Wednesday, July 09, 2014

St. Augustine Zhao Rong, and companions, martyrs

Today, July 9, is the optional memorial of St. Augustine Zhao Rong, priest, and companions, Chinese martyrs. Saint Augustine Zhao Rong was a Chinese diocesan priest who was martyred with his 119 companions in 1815.

Christianity arrived in China by way of Syria in the 600s. Depending on China's relations with the outside world, Christianity over the centuries was free to grow or was forced to operate secretly.

The 120 martyrs in this group died between 1648 and 1930. Most of them (eighty-seven) were born in China and were children, parents, catechists or laborers, ranging from nine years of age to seventy-two.

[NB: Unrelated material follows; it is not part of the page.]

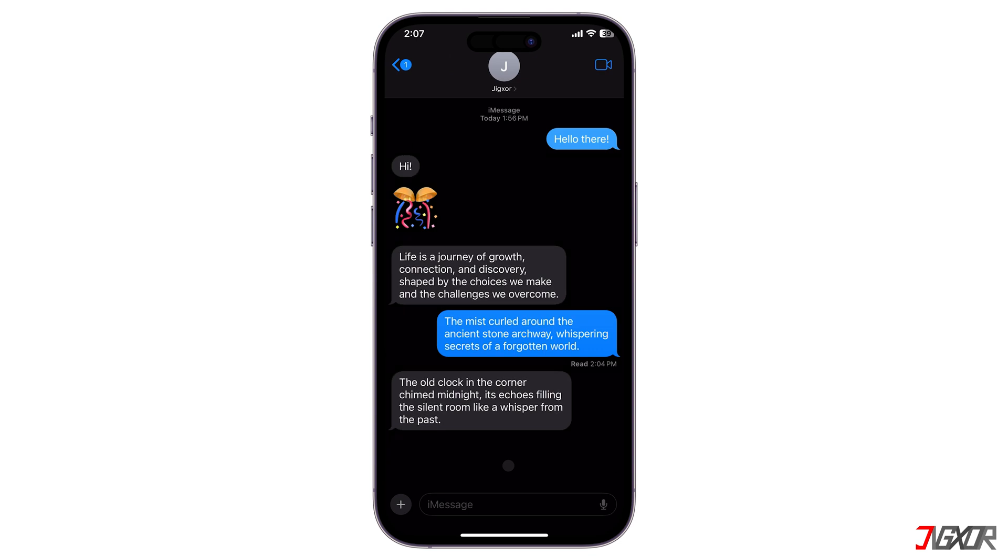In this video, I will share the best methods for recovering permanently deleted messages on your iPhone. Let's go!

This group includes four Chinese diocesan priests.

The thirty-three foreign-born martyrs were mostly priests or women religious, especially from the Order of Preachers, the Paris Foreign Mission Society, the Friars Minor, Jesuits, Salesians and Franciscan Missionaries of Mary.

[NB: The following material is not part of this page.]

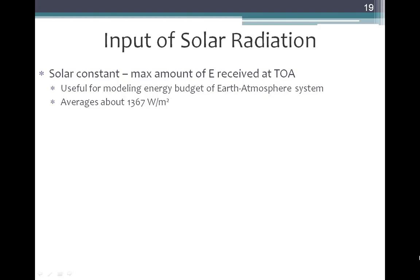Let's talk about solar radiation as it travels through the atmosphere. Before we look at how it travels through the atmosphere, let's talk about the solar constant. The solar constant is a number that represents the maximum amount of solar energy received at the top of the Earth atmosphere system for a particular location, such as right above the equator on the equinox.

One of the martyrs was a 14-year-old girl named Ann Wang, who was killed during the Boxer Rebellion when she refused to renounce her faith. She courageously endured the threats of her torturers, and just as she was about to be decapitated, she ecstatically declared, “The door of heaven is open to all” and repeated the name of Jesus three times.

Another martyr was 18-year-old Chi Zhuzi, who had been preparing to receive the sacrament of Baptism when he was captured on the road one night and ordered to worship idols.  When he refused, his right arm was cut off and he was tortured. Rather than deny his faith, he valiantly announced to his captors, before being whipped to death, “Every piece of my flesh, every drop of my blood will tell you that I am Christian.”

Augustine Zhao Rong was a Chinese soldier who accompanied Bishop John Gabriel Taurin Dufresse (Paris Foreign Mission Society) to his martyrdom in Beijing. Augustine was baptized and not long after was ordained as a diocesan priest. He was martyred in 1815.

Beatified in groups at various times, these 120 martyrs were canonized in Rome on October 1, 2000.